Task to complete
In the entries below, find the line with "ten priorities 8", then set it down exactly along with each line after it to the end, skipping any pictures.

Records for this exercise
◆ ◆ ◆

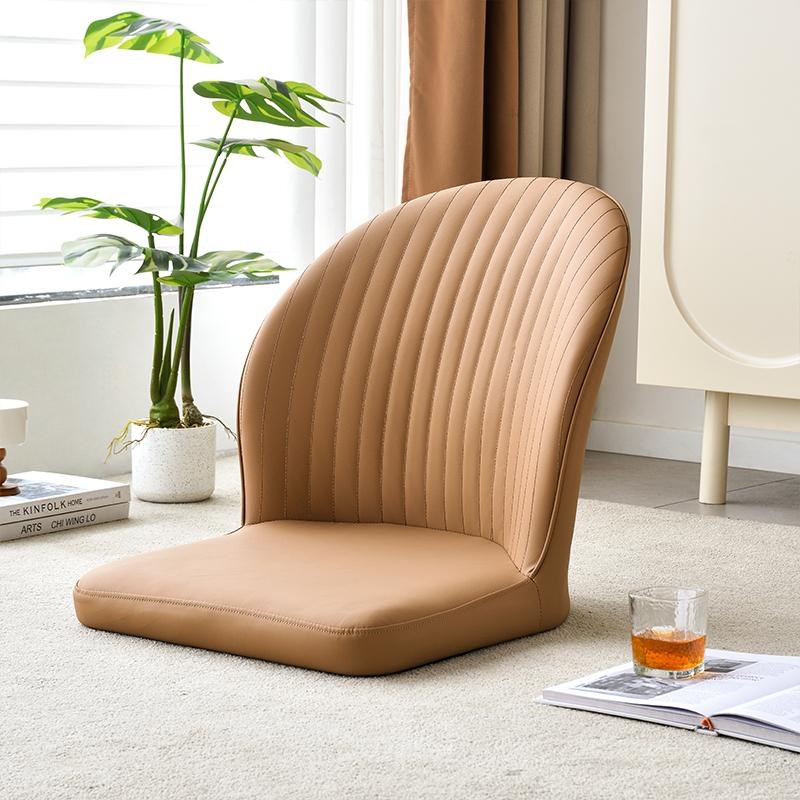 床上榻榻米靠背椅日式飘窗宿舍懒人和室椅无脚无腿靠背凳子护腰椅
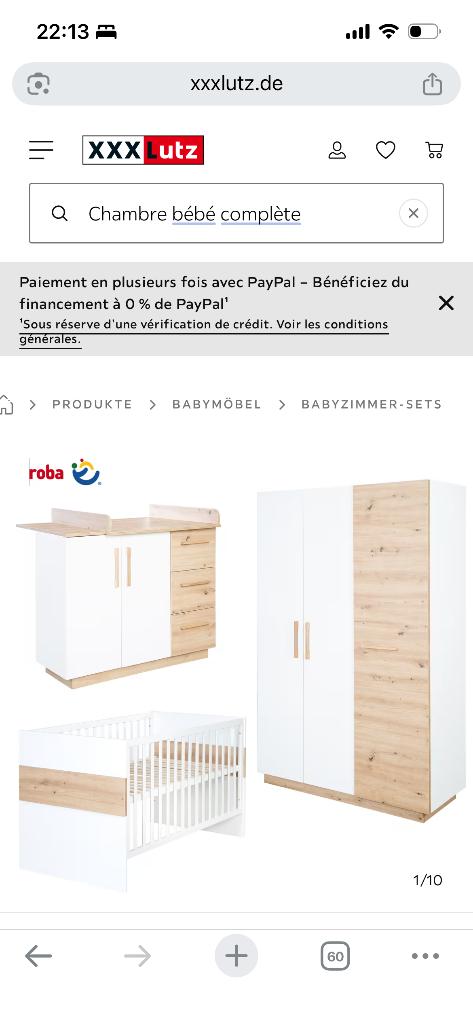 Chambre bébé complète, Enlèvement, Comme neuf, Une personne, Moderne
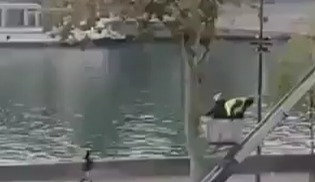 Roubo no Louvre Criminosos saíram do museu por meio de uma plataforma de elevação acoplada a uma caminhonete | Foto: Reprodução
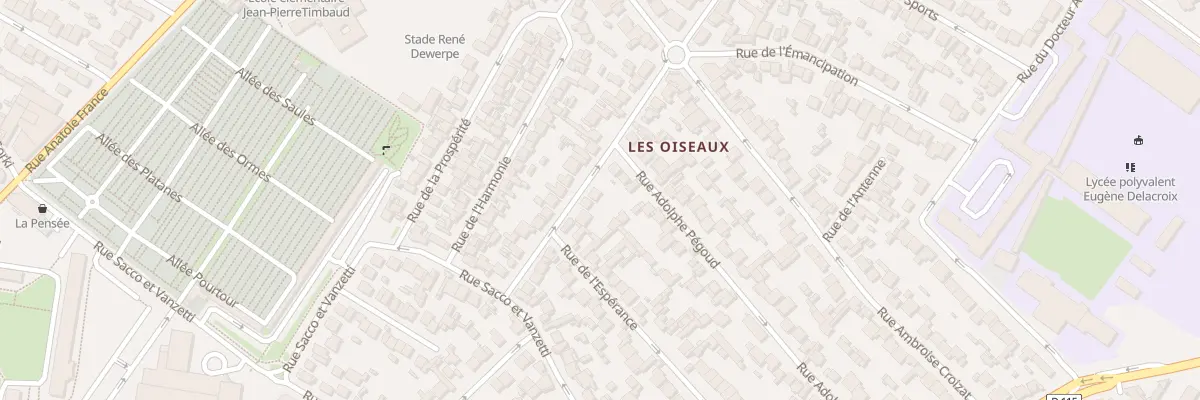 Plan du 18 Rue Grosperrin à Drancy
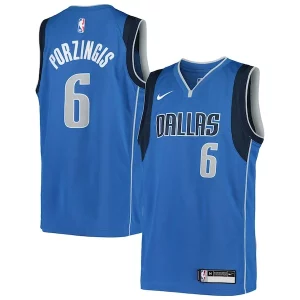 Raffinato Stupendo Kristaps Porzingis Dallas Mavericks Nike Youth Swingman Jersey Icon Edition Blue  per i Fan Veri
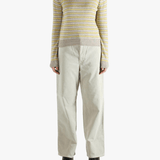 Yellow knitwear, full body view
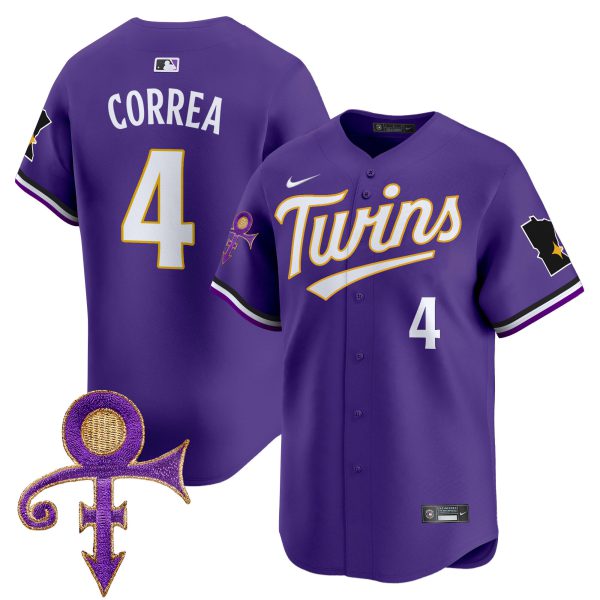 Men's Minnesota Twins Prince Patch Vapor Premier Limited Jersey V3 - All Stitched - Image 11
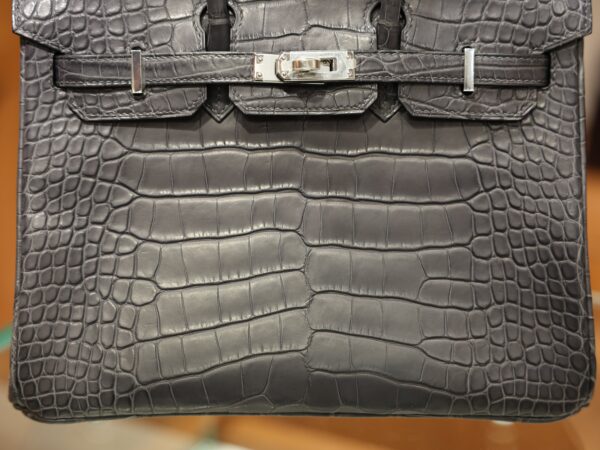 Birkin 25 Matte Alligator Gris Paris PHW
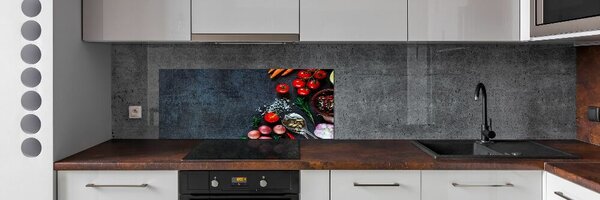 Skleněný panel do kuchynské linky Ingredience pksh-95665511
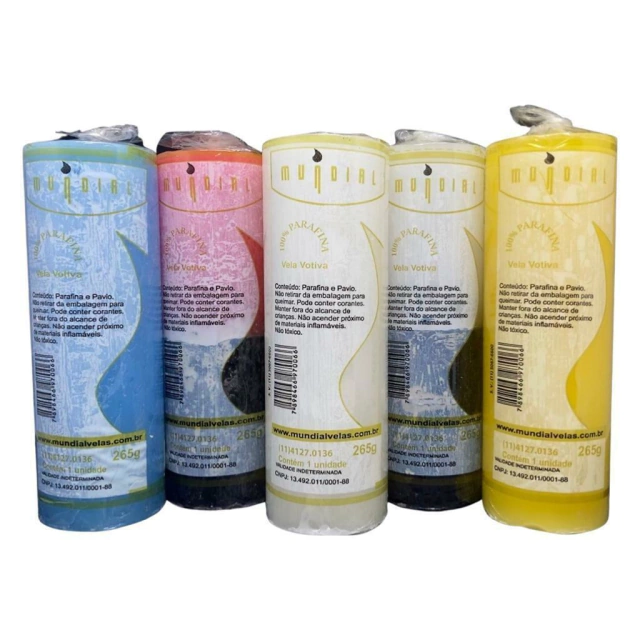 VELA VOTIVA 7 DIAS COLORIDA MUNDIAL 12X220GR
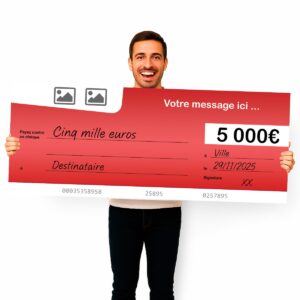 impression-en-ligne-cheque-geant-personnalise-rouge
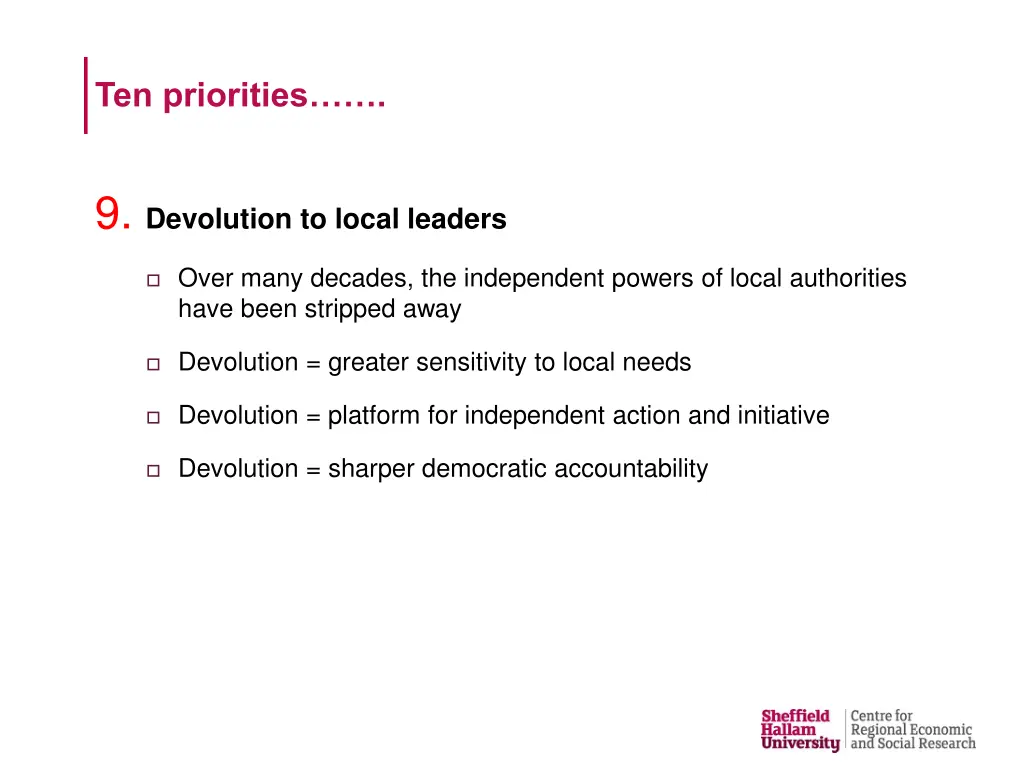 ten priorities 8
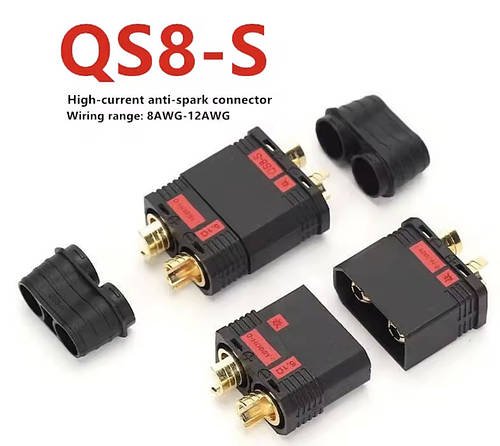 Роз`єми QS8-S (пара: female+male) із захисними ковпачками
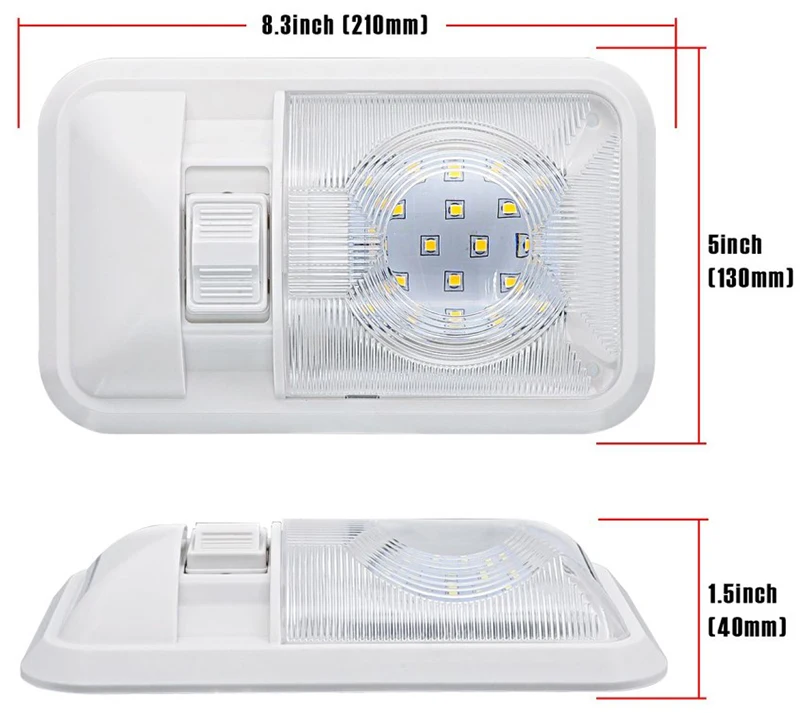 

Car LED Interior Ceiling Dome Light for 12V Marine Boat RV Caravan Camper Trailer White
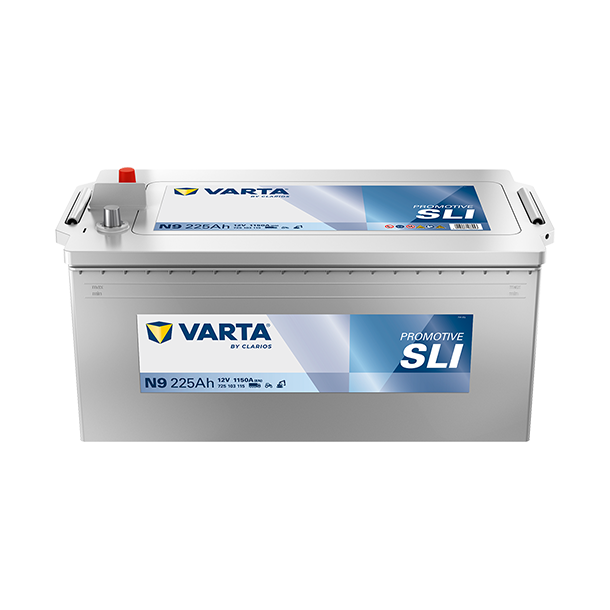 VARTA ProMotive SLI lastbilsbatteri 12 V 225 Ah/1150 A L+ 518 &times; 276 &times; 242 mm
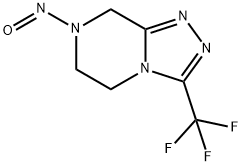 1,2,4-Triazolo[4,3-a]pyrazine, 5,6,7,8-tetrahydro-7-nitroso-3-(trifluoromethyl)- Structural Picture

◆ ◆ ◆

Response to this task
 ten priorities 8
 Роз`єми QS8-S (пара: female+male) із захисними ковпачками

Car LED Interior Ceiling Dome Light for 12V Marine Boat RV Caravan Camper Trailer White
 VARTA ProMotive SLI lastbilsbatteri 12 V 225 Ah/1150 A L+ 518 &times; 276 &times; 242 mm
 1,2,4-Triazolo[4,3-a]pyrazine, 5,6,7,8-tetrahydro-7-nitroso-3-(trifluoromethyl)- Structural Picture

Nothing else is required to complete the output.